Below are some records; output exactly the lines from the line with "後席天井部に純正フリップダウンモニターも付いていて皆さん大喜び!" to the line with "エントランス　清潔なエントランスです", both ends kept, and nothing more.

--- Data section ---
....
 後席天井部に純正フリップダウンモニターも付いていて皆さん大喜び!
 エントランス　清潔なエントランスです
....
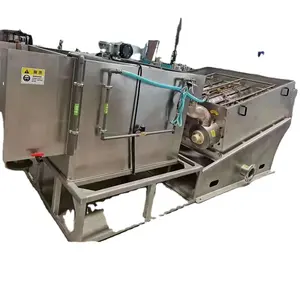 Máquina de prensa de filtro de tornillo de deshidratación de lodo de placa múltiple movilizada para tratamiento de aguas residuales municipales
....
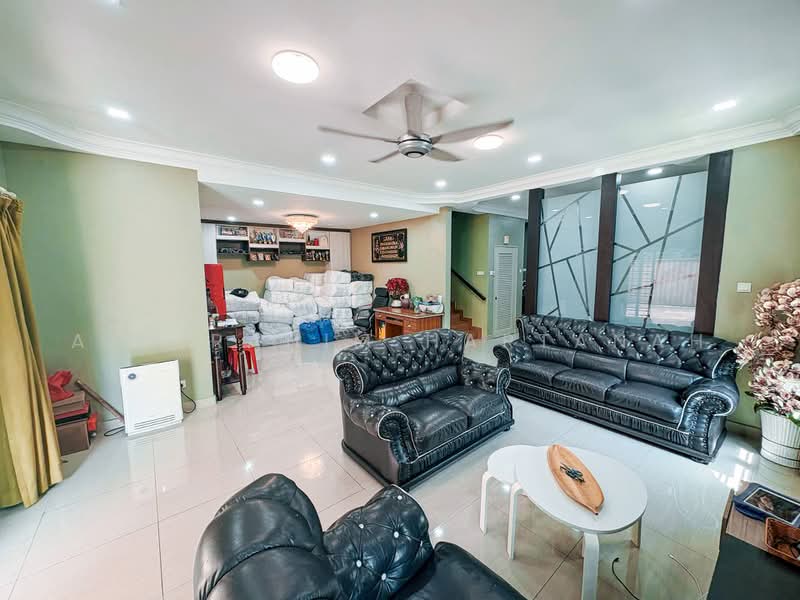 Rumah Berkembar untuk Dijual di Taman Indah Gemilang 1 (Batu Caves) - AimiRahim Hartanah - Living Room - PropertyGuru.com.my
....
--- Written solution ---
 後席天井部に純正フリップダウンモニターも付いていて皆さん大喜び!
 エントランス　清潔なエントランスです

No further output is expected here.